Secondly, in this aspect of lacking, the myth is reminiscent of the Christian notion of the original sin. Just like Zeus punished mankind’s hubris for scaling Mount Olympus, the Bible recounts God punishing mankind for similar acts of transgression. Two passages come to mind: the Fall of Man, with mankind losing its innocence and perfection it had in Paradise, and the Tower of Babel, with mankind losing a common tongue after building a tower that would reach to the heavens. These biblical accounts of man’s inherent weakness and imperfection after a fall from grace are strikingly similar to Aristophanes’ origin myth. And in both, the pursuit of wholeness or innocence is futile.

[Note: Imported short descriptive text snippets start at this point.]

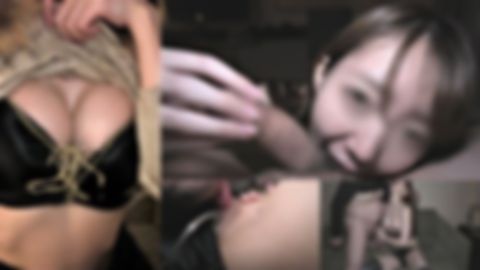 [10000pt➡︎1480pt]≪無修正≫〈G乳元グラドル爆乳エロBODY〉膣キュンまん汁ぬるぬるマシマシまんこ大量中出しフェラ手コキ合計3発射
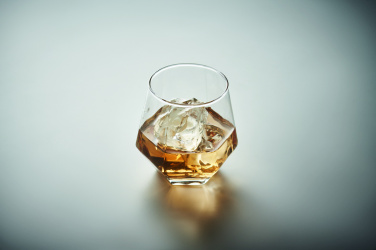 Logo trade mainoslahjat tuotekuva: Matala juomalasi 300 ml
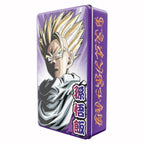 Puzzle Dragon Ball Z 300 piezas caja metálica – vista 3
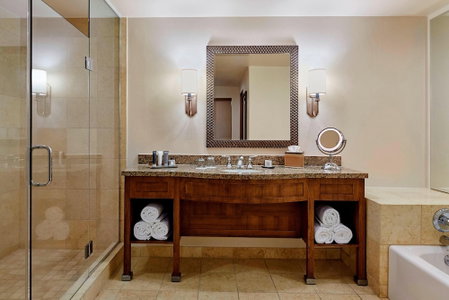 JW Marriott Starr Pass Resort and Spa, Tucson, United States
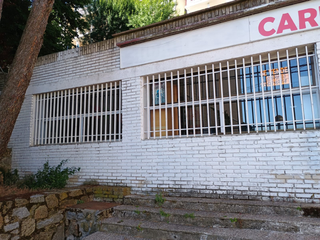 Local commercial à Becerril de la Sierra. Local con opción de cambio de vivienda en venta en becerril de l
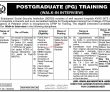 Jobs In Sindh Employees Social Security Institution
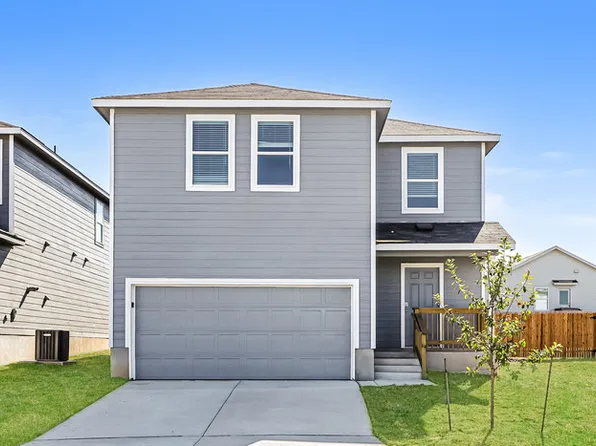 14626 Kayden Rdge, San Antonio, TX 78253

Thirdly, the myth touches on some psychoanalytic insights. Lacanian psychoanalysis, for example, states that man’s desire can never be truly satisfied, because the object is of desire is unobtainable and because people are unable to identify the things that will satisfy their desires. Aristophanes echoes the same idea, when he states that people desire to be together, but still they are unable to say exactly what it is they want from each other. Furthermore, the myth conveys the idea that we are essentially dependent on the Other for meaning and our sense of self, which is a welcome message in this modern day and age of increasing individualism and growing dissatisfaction.
The myth also touches on the Freudian idea of Eros and Thanatos, the forces of reproduction and self-destruction, of tension and relief, of coming together and falling apart. As the Belgian psychoanalyst Paul Verhaeghe states, we form our identity through the opposing processes of identification – mirroring others – and separation – distancing ourselves from others. The same basic ideas can also be found in Aristophanes’ tale. By our very nature, we are bound to be separate beings. Any attempt to fuse together with the Other and to regain our wholeness is futile. The frustration that ensues will urge us to keep others at bay, but it does not keep us from trying again and again to pursue this desire of finding our missing half, to become one instead of two. And neither does it keep Aristophanes from praising Love as the greatest blessing known to mankind.
“I think people have wholly failed to recognize the power of Love; if they’d grasped this, they’d have built the greatest temples and altars for him, and made the greatest sacrifices. (…) He is their helper and the doctor of those sicknesses whose cure constitutes the greatest happiness for the human race.”